Speaking of bi-weekly 26 issue series…DC Comics has announced that they will also be producing Justice League International as a bi-weekly series for 26 issues. The series is called JLI: Generation Lost and will be co-written by Keith Giffen and Judd Winick, and will also feature a rotating cast of artists.
With the debut of the April 2010 Marvel Comics solicitations, it has been revealed that Marvel will end all of their Avengers titles (New Avengers, Dark Avengers, Avengers: The Initiative) in the month. Tying into Marvel’s big event, Siege, the Avengers books will have one grand 64-page bookend called New Avengers: Finale. Fans may recognize the title, as when Marvel ended the original Avengers back before Civil War there was a book entitled, Avengers: Finale. The big news about this new finale is that it will be written by Brian Michael Bendis and will feature artwork by Bryan Hitch. This will mark the first time these two major Marvel creators have worked together. It should be epic!

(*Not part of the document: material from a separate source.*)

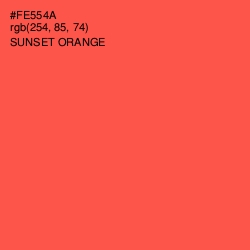#FE554A - Sunset Orange Color Image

DC Comics has announced that their former President and Publisher, Paul Levitz, will be re-launching the Legion of Super-Heroes along with artist Yildiray Cinar. No word on the date, but we will update you as soon as we know.
DC Comics has also announced that they will be re-launching Birds of Prey come spring time. The best news about this re-launch is that the creative team of Gail Simone and Ed Benes, possibly the best team to ever work on volume one of Birds of Prey, will be the ones taking the book on.
Long time Marvel exclusive creator and award winning artist Dave Finch (Ultimatum, Moon Knight), has moved across the street! DC Comics announced that Dave Finch has been poached from Marvel, and is now exclusive to DC Comics. No word on which book he will be tackling, but the scuttlebutt is that he will produce a round of covers for DC first, and then move onto a project.